▸ Problem to solve: In the listing below, locate the lines bearing the word "online". Copy every one of them.

▸ Material provided:
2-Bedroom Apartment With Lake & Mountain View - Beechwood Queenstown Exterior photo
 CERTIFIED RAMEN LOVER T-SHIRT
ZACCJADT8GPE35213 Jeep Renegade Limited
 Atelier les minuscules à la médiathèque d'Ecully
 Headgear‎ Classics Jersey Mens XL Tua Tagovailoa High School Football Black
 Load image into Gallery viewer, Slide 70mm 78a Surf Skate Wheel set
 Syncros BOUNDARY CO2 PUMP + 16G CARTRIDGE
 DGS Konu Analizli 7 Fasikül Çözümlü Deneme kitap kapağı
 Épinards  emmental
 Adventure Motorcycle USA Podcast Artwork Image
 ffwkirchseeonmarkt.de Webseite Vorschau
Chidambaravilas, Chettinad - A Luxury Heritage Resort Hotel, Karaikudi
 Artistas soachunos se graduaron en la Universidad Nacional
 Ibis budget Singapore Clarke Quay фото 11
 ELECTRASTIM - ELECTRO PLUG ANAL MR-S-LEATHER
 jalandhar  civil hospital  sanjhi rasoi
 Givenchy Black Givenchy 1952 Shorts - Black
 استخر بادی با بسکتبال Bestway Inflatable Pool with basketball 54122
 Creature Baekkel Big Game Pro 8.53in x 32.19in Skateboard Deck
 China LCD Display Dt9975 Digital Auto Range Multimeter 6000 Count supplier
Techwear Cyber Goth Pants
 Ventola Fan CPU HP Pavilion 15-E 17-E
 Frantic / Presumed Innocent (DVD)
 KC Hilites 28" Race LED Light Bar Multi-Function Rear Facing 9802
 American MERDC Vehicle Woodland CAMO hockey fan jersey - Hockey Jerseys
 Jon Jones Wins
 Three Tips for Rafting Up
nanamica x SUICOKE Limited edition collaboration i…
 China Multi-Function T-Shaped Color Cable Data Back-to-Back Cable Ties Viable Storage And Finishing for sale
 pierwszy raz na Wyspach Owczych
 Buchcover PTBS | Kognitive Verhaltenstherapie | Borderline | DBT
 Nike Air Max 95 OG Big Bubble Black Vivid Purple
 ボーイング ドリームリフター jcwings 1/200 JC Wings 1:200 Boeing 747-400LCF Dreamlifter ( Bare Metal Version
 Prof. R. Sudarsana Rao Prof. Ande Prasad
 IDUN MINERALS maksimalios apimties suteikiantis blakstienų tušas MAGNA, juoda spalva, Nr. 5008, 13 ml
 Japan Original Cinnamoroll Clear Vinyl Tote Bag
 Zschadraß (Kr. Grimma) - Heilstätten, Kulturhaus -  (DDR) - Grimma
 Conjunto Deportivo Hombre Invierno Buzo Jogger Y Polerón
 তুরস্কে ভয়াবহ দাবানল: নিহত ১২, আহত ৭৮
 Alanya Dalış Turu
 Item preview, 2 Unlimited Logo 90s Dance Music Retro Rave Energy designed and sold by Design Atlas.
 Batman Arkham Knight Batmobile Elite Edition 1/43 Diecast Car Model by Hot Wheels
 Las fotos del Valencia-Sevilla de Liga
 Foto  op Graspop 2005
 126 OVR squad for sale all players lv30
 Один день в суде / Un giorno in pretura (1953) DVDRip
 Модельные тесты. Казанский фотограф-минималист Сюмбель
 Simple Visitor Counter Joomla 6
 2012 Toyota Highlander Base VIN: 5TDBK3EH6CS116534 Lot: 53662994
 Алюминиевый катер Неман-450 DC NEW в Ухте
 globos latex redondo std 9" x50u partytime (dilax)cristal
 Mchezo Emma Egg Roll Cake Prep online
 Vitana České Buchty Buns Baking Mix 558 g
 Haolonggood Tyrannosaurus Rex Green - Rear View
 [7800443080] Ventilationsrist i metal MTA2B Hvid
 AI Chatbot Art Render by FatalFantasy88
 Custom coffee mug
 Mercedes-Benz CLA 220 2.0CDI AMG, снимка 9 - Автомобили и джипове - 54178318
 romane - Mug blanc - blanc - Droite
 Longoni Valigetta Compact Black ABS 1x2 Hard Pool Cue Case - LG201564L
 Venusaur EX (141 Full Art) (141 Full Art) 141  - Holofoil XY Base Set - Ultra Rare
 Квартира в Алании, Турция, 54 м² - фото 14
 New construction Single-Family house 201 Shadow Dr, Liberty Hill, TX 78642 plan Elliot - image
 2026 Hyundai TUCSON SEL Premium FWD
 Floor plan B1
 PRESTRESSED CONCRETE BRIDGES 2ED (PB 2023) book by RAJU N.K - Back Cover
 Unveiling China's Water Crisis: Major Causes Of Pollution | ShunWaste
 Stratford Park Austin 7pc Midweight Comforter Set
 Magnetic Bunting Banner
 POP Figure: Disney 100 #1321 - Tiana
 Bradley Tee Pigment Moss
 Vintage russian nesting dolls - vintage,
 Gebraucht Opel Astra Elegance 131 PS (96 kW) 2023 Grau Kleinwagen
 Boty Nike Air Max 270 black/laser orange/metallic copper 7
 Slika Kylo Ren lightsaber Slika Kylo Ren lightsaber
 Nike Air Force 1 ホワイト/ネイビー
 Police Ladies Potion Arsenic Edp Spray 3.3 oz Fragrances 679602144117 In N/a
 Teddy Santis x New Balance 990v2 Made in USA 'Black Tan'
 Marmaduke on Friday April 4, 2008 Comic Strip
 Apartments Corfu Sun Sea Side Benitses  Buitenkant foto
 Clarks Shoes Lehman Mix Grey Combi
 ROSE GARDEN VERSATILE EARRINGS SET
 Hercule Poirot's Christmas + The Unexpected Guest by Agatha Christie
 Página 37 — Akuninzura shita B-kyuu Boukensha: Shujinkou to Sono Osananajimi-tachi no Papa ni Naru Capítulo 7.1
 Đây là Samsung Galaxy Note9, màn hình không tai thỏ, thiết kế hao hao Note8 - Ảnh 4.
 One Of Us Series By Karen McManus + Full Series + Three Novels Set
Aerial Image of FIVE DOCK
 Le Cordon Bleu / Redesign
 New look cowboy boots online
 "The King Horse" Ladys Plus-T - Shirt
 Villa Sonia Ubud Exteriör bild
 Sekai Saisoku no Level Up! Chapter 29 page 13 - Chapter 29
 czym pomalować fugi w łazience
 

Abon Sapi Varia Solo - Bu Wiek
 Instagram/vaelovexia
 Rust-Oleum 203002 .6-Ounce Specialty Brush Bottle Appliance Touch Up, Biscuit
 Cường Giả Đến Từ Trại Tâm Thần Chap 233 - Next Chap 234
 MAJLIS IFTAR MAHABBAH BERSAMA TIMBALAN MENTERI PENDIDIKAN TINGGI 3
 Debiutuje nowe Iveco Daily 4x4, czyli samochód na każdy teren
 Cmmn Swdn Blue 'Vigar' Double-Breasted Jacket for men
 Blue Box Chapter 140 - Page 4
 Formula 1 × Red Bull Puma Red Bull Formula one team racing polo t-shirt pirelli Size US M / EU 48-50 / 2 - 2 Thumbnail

▸ Solved problem:
 Mchezo Emma Egg Roll Cake Prep online
 New look cowboy boots online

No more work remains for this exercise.